* Copyright (c) Huawei Technologies Co., Ltd. 2025. All rights reserved.
* MindIE is licensed under Mulan PSL v2.
* You can use this software according to the terms and conditions of the Mulan PSL v2.
* You may obtain a copy of Mulan PSL v2 at:
* http://license.coscl.org.cn/MulanPSL2
* THIS SOFTWARE IS PROVIDED ON AN "AS IS" BASIS, WITHOUT WARRANTIES OF ANY KIND,
* EITHER EXPRESS OR IMPLIED, INCLUDING BUT NOT LIMITED TO NON-INFRINGEMENT,
* MERCHANTABILITY OR FIT FOR A PARTICULAR PURPOSE.

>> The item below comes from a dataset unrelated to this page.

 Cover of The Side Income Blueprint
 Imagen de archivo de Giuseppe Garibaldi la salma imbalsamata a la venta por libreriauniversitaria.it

* See the Mulan PSL v2 for more details.
*/
#ifndef SCHEDULING_BUDGET_H
#define SCHEDULING_BUDGET_H
#include <deque>
#include <memory>
#include <unordered_set>
#include "basic_types.h"
#include "config_info.h"
#include "sequence_group.h"
namespace mindie_llm {
class Statistics4PartialPrefill {
public:
Statistics4PartialPrefill(int numSchedulablePrefills, int numLongPrefills,
std::shared_ptr<SchedulerConfig> schedulerConfig);
bool CanSchedule(const std::shared_ptr<SequenceGroup> &seqGroup) const;
void MaybeIncrementPartialPrefills(const std::shared_ptr<SequenceGroup> &seqGroup);
static std::unique_ptr<Statistics4PartialPrefill> FromQueues(
const std::deque<std::shared_ptr<SequenceGroup>> &running,
const std::deque<std::shared_ptr<SequenceGroup>> &waiting, std::shared_ptr<SchedulerConfig> schedulerConfig);
size_t SchedulablePrefills() const;
size_t LongPrefills() const;
private:
size_t numSchedulablePrefills_{0};
size_t numLongPrefills_{};
std::shared_ptr<SchedulerConfig> schedulerConfig_;
};
using Statistics4PartialPrefillPtr = std::unique_ptr<Statistics4PartialPrefill>;
struct SchedulingBudget {
size_t maxNumSeqs_{};
uint32_t maxNumBatchedTokens_{};
size_t numCachedTokens_{};
size_t numBatchedTokens_{};
size_t numCurSeqs_{};
std::unordered_set<RequestId> requestIdsNumBatchedTokens_;
std::unordered_set<RequestId> requestIdsNumCurSeqs_;
SchedulerConfigSPtr schedulerConfig_;
std::vector<size_t> partialPrefillOccupiedBudgetPerSlot_;
Statistics4PartialPrefillPtr statistics4PartialPrefill_;
SchedulingBudget(const size_t maxNumBatchedTokens, const size_t maxNumSeqs,
const SchedulerConfigSPtr &schedulerConfig = nullptr);
[[nodiscard]] bool CanSchedule(const size_t numNewTokens, const size_t numNewSeqs) const;
size_t RemainingTokenBudget() const;
size_t GetPrefillSlots();
void AddNumBatchedTokens(RequestId &reqId, const size_t numBatchedTokens, const size_t numCachedTokens = 0);
void AddNumSeqs(RequestId &reqId, const size_t numCurSeqs);
void SubtractNumBatchedTokens(const RequestId &reqId, const size_t numBatchedTokens);
void SubtractNumSeqs(const RequestId &reqId, const size_t numCurSeqs);
};
}
#endif